Usage¶

CLI¶

The msdatasets command is installed as a console script by the package.

`msdatasets download`¶

msdatasets [-v | -vv] download <dataset_id>
                               [--force]
                               [--no-progress]
                               [--workers N]
                               [--store-as {mszx,msz,mzml}]
                               [-o DIR]

Flag	Description
`dataset_id`	UUID or repository spec (see Dataset identifiers)
`--force`	Re-download even if files are already cached
`--no-progress`	Suppress the progress bar
`--workers N`	Parallel downloads (default: `4`)
`--store-as FMT`	On-disk format: `mszx` (default), `msz`, or `mzml`
`-o, --output DIR`	Write files directly to `DIR`; bypasses the cache, no `{id}` subdir
`-v`, `-vv`	Increase verbosity to `INFO` / `DEBUG` (applies to the whole command)

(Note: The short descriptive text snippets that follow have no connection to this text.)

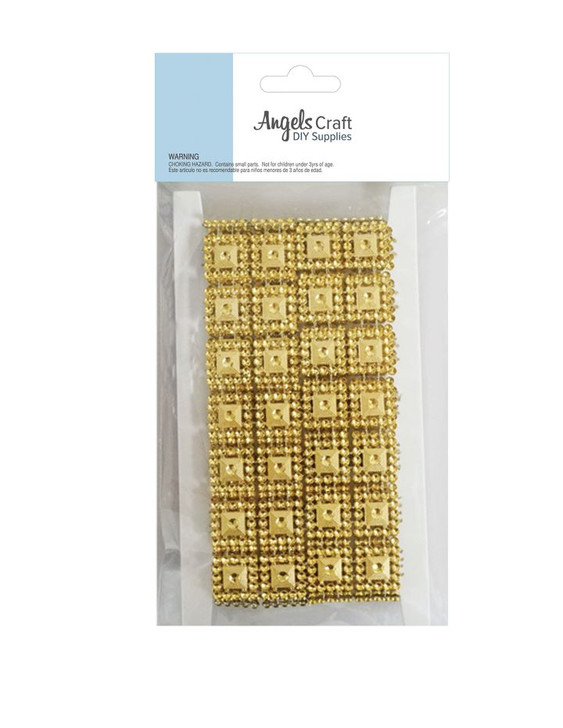 Metallic Square Embellishment Banding Gold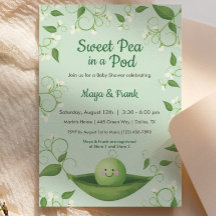 Söt ärta i en Pod Baby Shower-inbjudan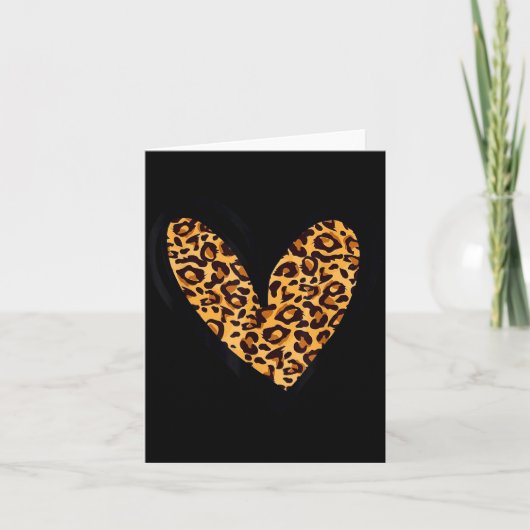 Love Cheetah Leopard Print Heart Valentines Day Gi Kaart (Voorkant)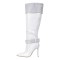 Pointed Toe Stiletto Heels Rhinestones Straps Knee Highs Winter Booties - White Faux Leather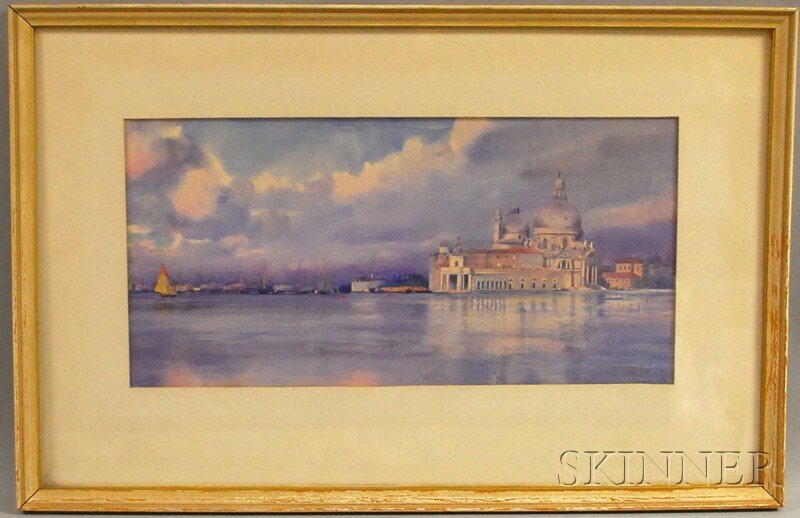 John Wesley Little (American, 1867-1923) View of B: John Wesley Little (American, 1867-1923) View of Basilica di Santa Maria della Salute from the Water. Signed "JW Little" l.r. Watercolor on paper, sight size 8 3/4 x 17 3/4 in., framed. Condition: N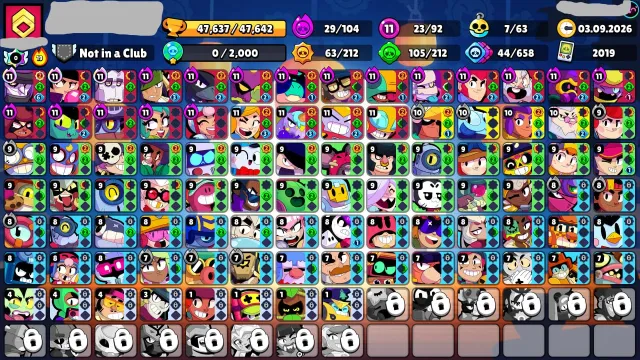 🤍41k🤍92/106🤍23 11 POWER🤍29 HYPER🤍146 SKINS🤍10 TITLES🤍7 BUFFS🤍, 41000 trophies, 92 brawlers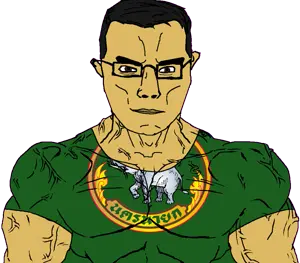 chudjak, chudjak front, muscular chud, 1soyjak, animal, arm, brown eyes, brown skin, buff, closed mouth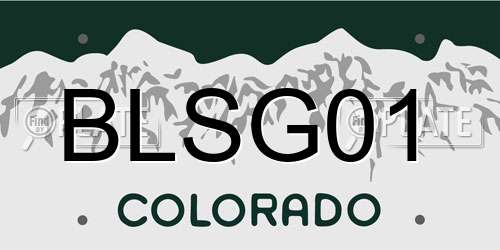 BLSG01 Colorado License Plate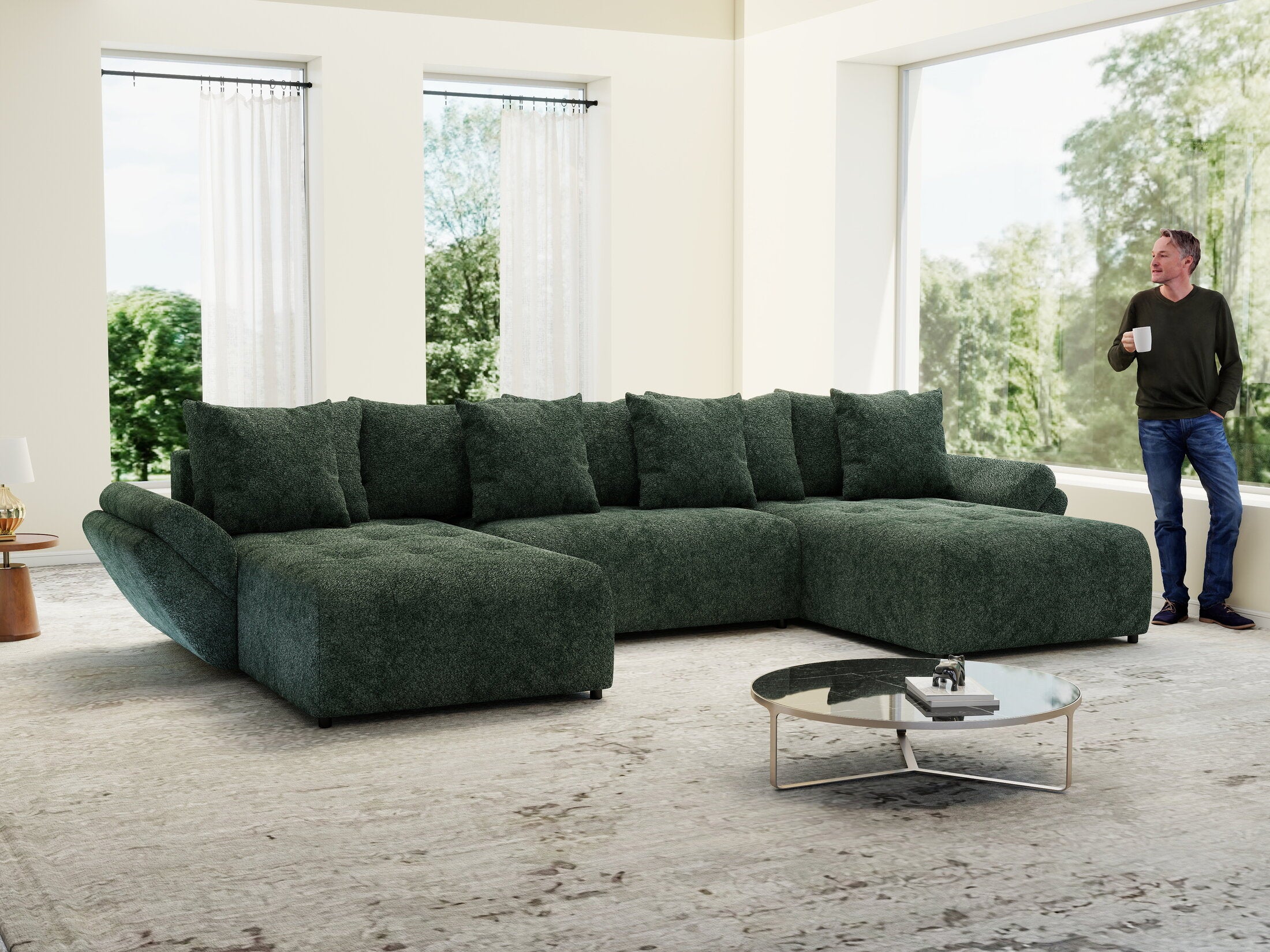 Colțar extensibil dumonde cu ladă de depozitare si sezut confortabil din spuma HR, Berlin U Euphoria Verde 380x180 cm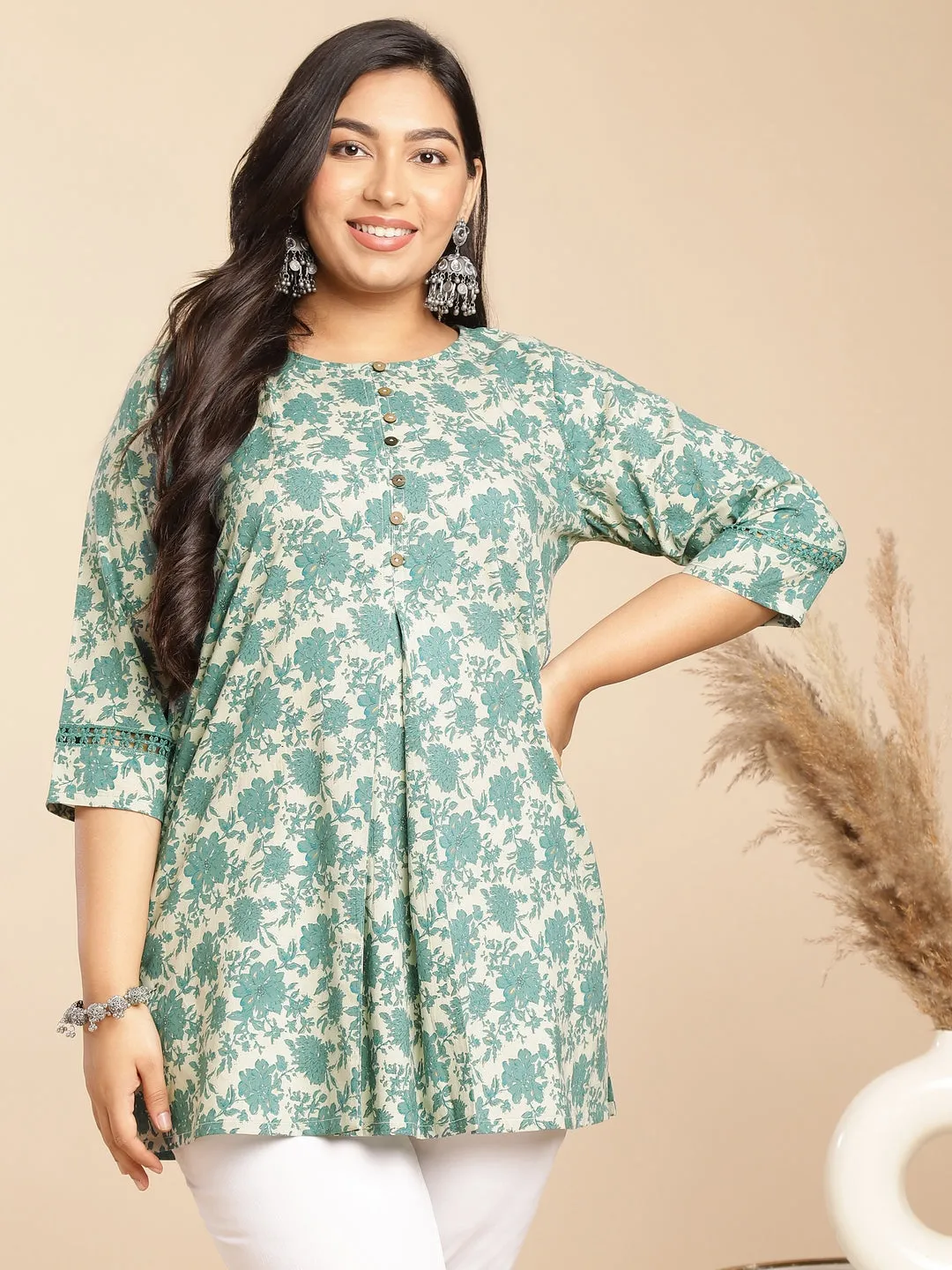 Plus Size Sage Cotton Floral A-Line Tunic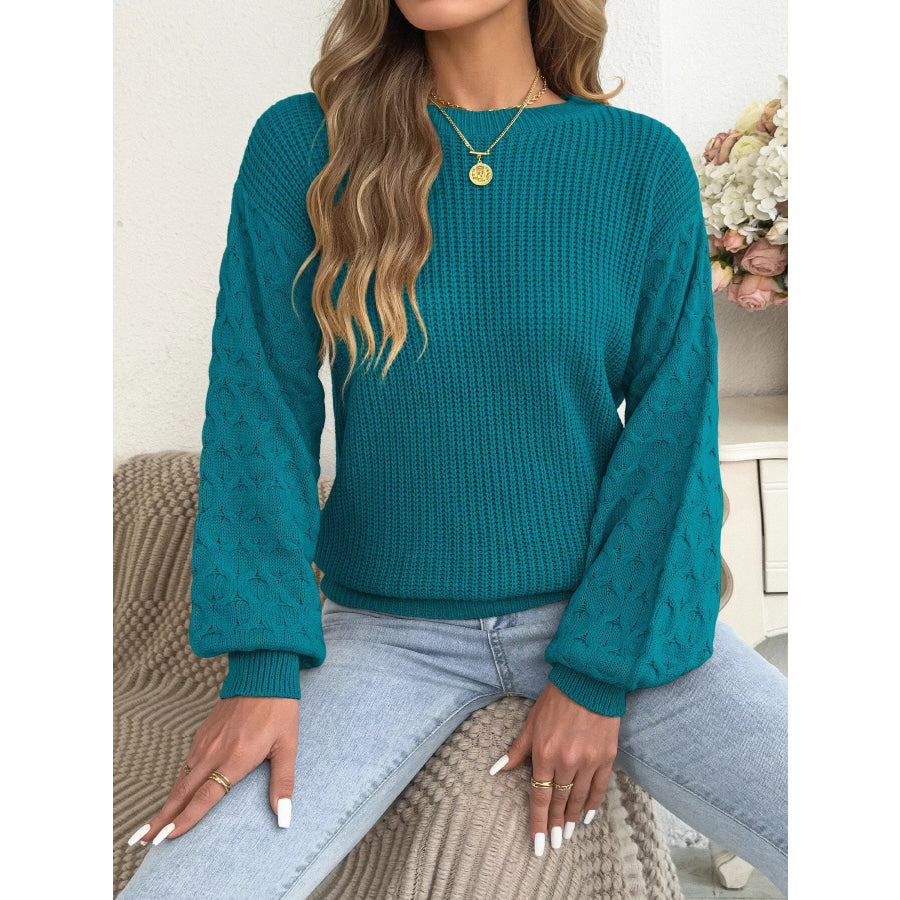 Textured Dropped Shoulder Sweater Apparel and Accessories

Exit codes: 0 on success, 1 on dataset-not-found or download error, 2 on argparse errors.

Dataset identifiers¶

The dataset_id argument accepts three shapes:

Shape	Example
UUID	`550e8400-e29b-41d4-a716-446655440000`
Repository accession	`pride/PXD075509` or `massive/MSV000101460`
Accession with file subset	`pride/PXD075509[19HCD_3.mzML,other.mzML]`

When a repository spec is supplied, the server imports the project on demand (if not already imported) and streams progress over SSE until all files are ready. The call is idempotent — re-running for the same project returns the existing dataset.

Storage formats¶

--store-as controls the on-disk extension and the client-side conversion performed by mstransfer:

Format	Extension	Description
`mszx`	`.mszx`	Raw archive shipped by the server (no conversion)
`msz`	`.msz`	Inner MSZ extracted from the MSZX archive
`mzml`	`.mzML`	Fully decompressed mzML

The cache is keyed by the target filename. Switching --store-as for a dataset you've already downloaded triggers a re-download in the new format rather than reusing a stale artifact in a different format.

Caching¶

Downloads are cached at <cache_dir>/<dataset_id>/, where cache_dir is resolved in this order:

$MS_DATASETS_CACHE
$MS_HOME/datasets
~/.ms/datasets

Each dataset directory also contains a manifest.json written after the manifest is fetched, for offline inspection.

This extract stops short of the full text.